After the initial test runs with the 14.8 volt battery (which runs fine), I think it would be happer running with an 18.5.... I have 2 LGB Moguls with the same type of install and they're happier ruuning on 18.5. 

It makes a nice package. Howver, if a sound card and speaker would have been part of the install, things would have been much tighter. 

I don't have images of the install but anyone who might want to do the conversion will be able to see just how it works when the tender shell is removed. 

I'm aware that many comments have been given concerning the plastic wheels on the tender but metal wheels can be purchased from any PIKO dealer (Product # 36161) 

(The above remarks are my observations only. I am not involved finacially, technically nor am I on the payroll for any of the products mentioned.)


----------



## FlagstaffLGB (Jul 15, 2012)

Stan, nice write up....I will try and remember this for a future converstion that I will be attempting. I believe I'm familiar with this PIKO mogul, so when you describe the engine being "happier", does that mean that the power provided by the 14.8 volt battery makes the engine a bit sluggish or not able to run a full speed? I am planning on using the 14.8 volt lithium ion battery you described on an LGB mogul, 21181. Of course, I am at a junction where I could hold out for a larger pack. I know that the new Airwire G3(900), expected out in December as the replacement for the G2 is supposed to run on any battery between 10-28 volts...but as you indicated, many times you don't have the wiring diagrams from the manufacturer of the locomotive to know precisely what the power draw is expected through the motor blocks. Anyway, your thoughts would be appreciated. Without giving away "trade secrets" it would be nice to see the final install in the tender.... Thanks, Ed


----------



## Trains (Jan 2, 2008)

Stan,

I have a few LGB engines and they do run a lot better on 18 volts. If I'm not mistaken they are good up to 22 volts.

Don


----------



## Stan Cedarleaf (Jan 2, 2008)

Posted By Trains on 10 Oct 2012 12:50 PM 
Stan,

I have a few LGB engines and they do run a lot better on 18 volts. If I'm not mistaken they are good up to 22 volts.


Thanks for the input, Don.... I know you have many "Red Box" locos in the "lower level".









Ed..... Yes, the translation for "like it better" is will run nicely on higher voltage.









The Mogul converted could handle 18.5 but the opeator has only 14.8 at present. If an 18.5 were to be installed as a changeable, the tender coal load area would need major revision. Not sure how an 18.5 52-5600 would fix as an on borard, permanant mount. 

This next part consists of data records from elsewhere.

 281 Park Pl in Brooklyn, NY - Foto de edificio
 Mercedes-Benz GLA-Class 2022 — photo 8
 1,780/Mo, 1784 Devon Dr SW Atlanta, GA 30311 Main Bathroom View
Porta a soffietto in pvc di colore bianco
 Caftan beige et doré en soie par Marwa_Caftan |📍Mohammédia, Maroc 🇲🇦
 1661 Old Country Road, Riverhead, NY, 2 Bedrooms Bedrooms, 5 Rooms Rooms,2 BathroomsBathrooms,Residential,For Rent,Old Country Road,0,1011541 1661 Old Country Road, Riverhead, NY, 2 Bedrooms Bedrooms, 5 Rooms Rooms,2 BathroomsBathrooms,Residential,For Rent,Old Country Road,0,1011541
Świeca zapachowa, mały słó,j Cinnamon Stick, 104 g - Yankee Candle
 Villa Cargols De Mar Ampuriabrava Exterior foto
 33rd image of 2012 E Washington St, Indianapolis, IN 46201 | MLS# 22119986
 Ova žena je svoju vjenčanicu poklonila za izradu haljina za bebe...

The G2 boards are nicely rated up to 28 voilts and I suspect that the new boards (upcoming release date ???) will have the same or greater capabilities. No "official" information on them as yet.


----------



## Stan Cedarleaf (Jan 2, 2008)

Posted By FlagstaffLGB on 10 Oct 2012 09:48 AM 
Without giving away "trade secrets" it would be nice to see the final install in the tender.... Thanks, Ed I'm sure you'll be able to see the Mogul running in your area quite shortly. Tain't no trade secrets. 

Just look inside after Tom takes off the coal load...


----------



## izzy0855 (Sep 30, 2008)

Stan, 

We did one back in June with the New RailLinx System, throttle, speaker, battery, sound card, receiver and PCB charger all in the tender with no problems. Very nice loco and I love that connector between the loco and tender! 

Rick Isard 
Cordless Renovations, LLC 
RCS America


----------



## Greg Elmassian (Jan 3, 2008)

Pictures? 

Greg


----------



## Stan Cedarleaf (Jan 2, 2008)

Greg... Don't have any images... Sorry...

Once the tender shell is pulled, it's quite self explanitory... Don't have to modify the engine at all....


----------



## FlagstaffLGB (Jul 15, 2012)

Oh, I forgot to get back to you Stan, but did get to see Tom P. run the engine you converted for him on his backyard Ponderosa Railroad line. Did very well. Couple of other guests had a few issues with the low clearance under Tom's back yard deck....Stan C. said he was bringing his sawall next time and cut a section out...Ha. Don't think he was having any problems during the 2-3 hours he was running it. Ed


----------



## Stan Cedarleaf (Jan 2, 2008)

Sounds good, Ed... Watch Stan Cornforth closely when he gets tools in his hands...


----------